“No, not ‘oh well’!”
This was all coming out wrong. It just didn’t make sense. “I didn’t mea-”
“Keep your voice down.” I am. “This is a declaration of war. Find me the culprit with whatever cyber security bullshit you tout so often. Trust no one.”
“Do you think it’s…?”
“No.”
He said firm. “They are dead. All of them. I can prove it.”
I couldn’t understand his certainty, but he was already walking away in a slow commanding stride before I could ask. I rolled my eyes in frustration. It was a routine that we excelled at. I talked, he didn't listen. He spoke, and I must obey. A cat-and-mouse game like that wasn’t rewarded by a father-daughter hug afterwards, regardless of how much I wished it was.
He beckoned me with two fingers over his shoulders.
So, I followed his back. Perusing each maroon painted wall adorned with a vast collection of family portraits and looted artworks as I went. Since the Ravencroft-Karstein split, the fissure, when we were evicted to London, the confines of these walls had been stifling with unresolved drama. What had been an untouched relic now had footmen scurrying along its many corridors—the speed of their movements partly out of duty but primarily out of fear. Father already ruled with an iron fist.
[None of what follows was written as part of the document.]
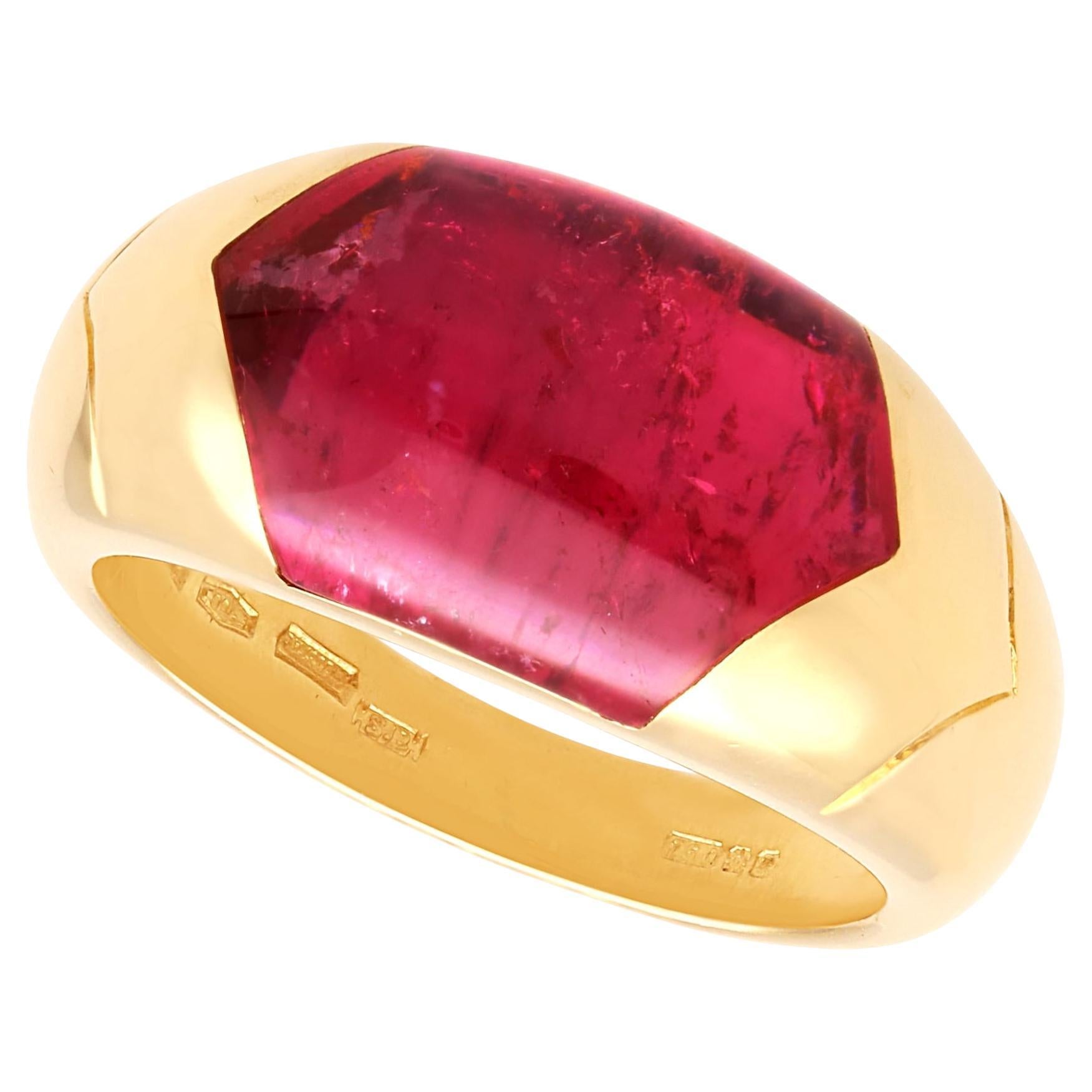Contemporary 5.90 Carat Pink Tourmaline 18k Yellow Gold Ring by Bulgari (1995)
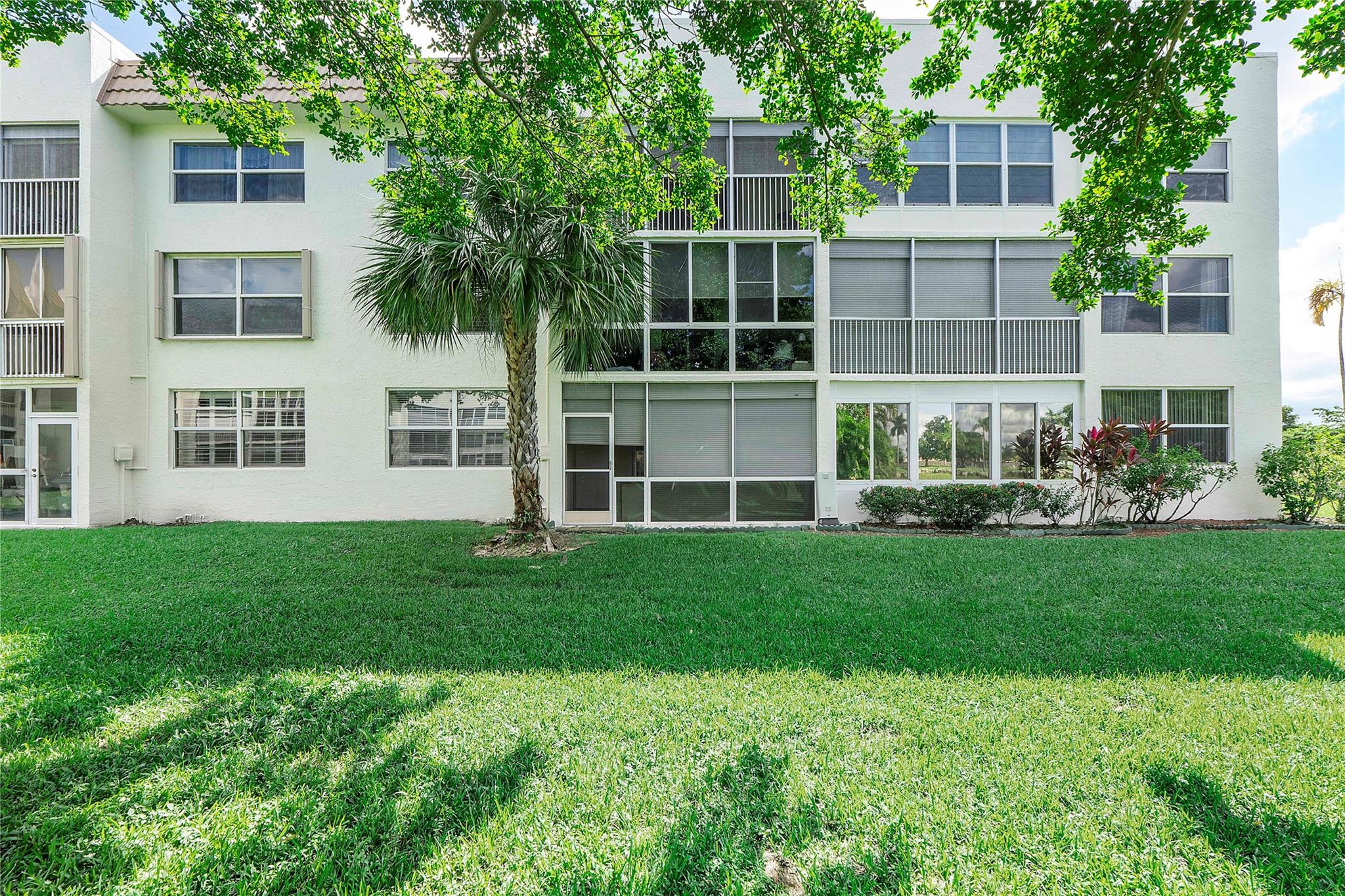 Royal Park Gardens III - Residential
Amidst that chaos, it was difficult to find peace and even more challenging to find friends. The added isolation of this Hertfordshire village depleted me. Any hope that I’d find somebody like Tilly found her husband vanished by the day.
“Where are you taking me?” I asked. Nothing but forest hugged the property. It hummed with a haunted knowing. The canopy of trees shrouded it in complete darkness. I noticed the shift even with my eyes shut. We walked into its embrace, and with a breath of fresh air, it suddenly hit me.
I’ll never see my grandfather again.
He was dead. At the hand of a gun.
In this life, we were taught to anticipate the loss, but you can never quite predict the grief.
“You’ll see,” was all he said.
As the foliage thickened, we slowed our pace. I restrained a sob that threatened to erupt between clambered breaths. Edward Ravencroft was not a good man. He never claimed to be. He made his mistakes and certainly didn’t deserve my tears. Still, the overwhelming sense of absence filled my bones, my grip on the present moment slipping. I hoped he didn’t feel that emptiness as he passed.
“How was he found?” And I didn’t mean with a hole in his head. “Was he alone?”
He didn’t say anything, he just walked to a large dark square imprinted into the grass clearing outlined with blackened brick. It took a minute to gather that it wasn’t grass I was walking on, but gravel intertwined with weeds.
A branch snapped below my feet, taking me from my thoughts. Light filtered back into my vision as we reached a clearing.
“You’re wondering why we had to move away from London?” He shrugged, nonchalant, but there was something unkempt in his posture, unresolved as he pointed at the tarnished ground. “This is what happens in war, Laney. Do not underestimate the brutality of it.”
Great Tenor. It suddenly occurred to me. The place of union, but also…“The fire was here.”
…the site of the Karstein massacre.
The bird song echoed rather than flowed. The wind stilled. My heart raced. I can’t be here.
I jumped off the blackened gravel onto a patch of untainted grass and whipped around to return to the house, but Father wrapped a hand around my waist, pulling my back to his front. “This isn’t a fairytale, Sunshine. Not like in your books.”
I shook my head. “War won’t fix this.”
“Diplomacy won’t either. That broke down the second they murdered my father. But this place could protect us.”
“It doesn’t have to–”
“It does.” He pointed toward the scorched rock. “No one made it out of this house. A whole bloodline. Gone. There are no winners in this world, just survivors. Land. On. Top.”
This wasn’t a battle I could win. Not with him. I had to concede. “Yes, Sir.”
Most likely, I wouldn’t land on top, but maybe I could not get crushed at the bottom of the pile.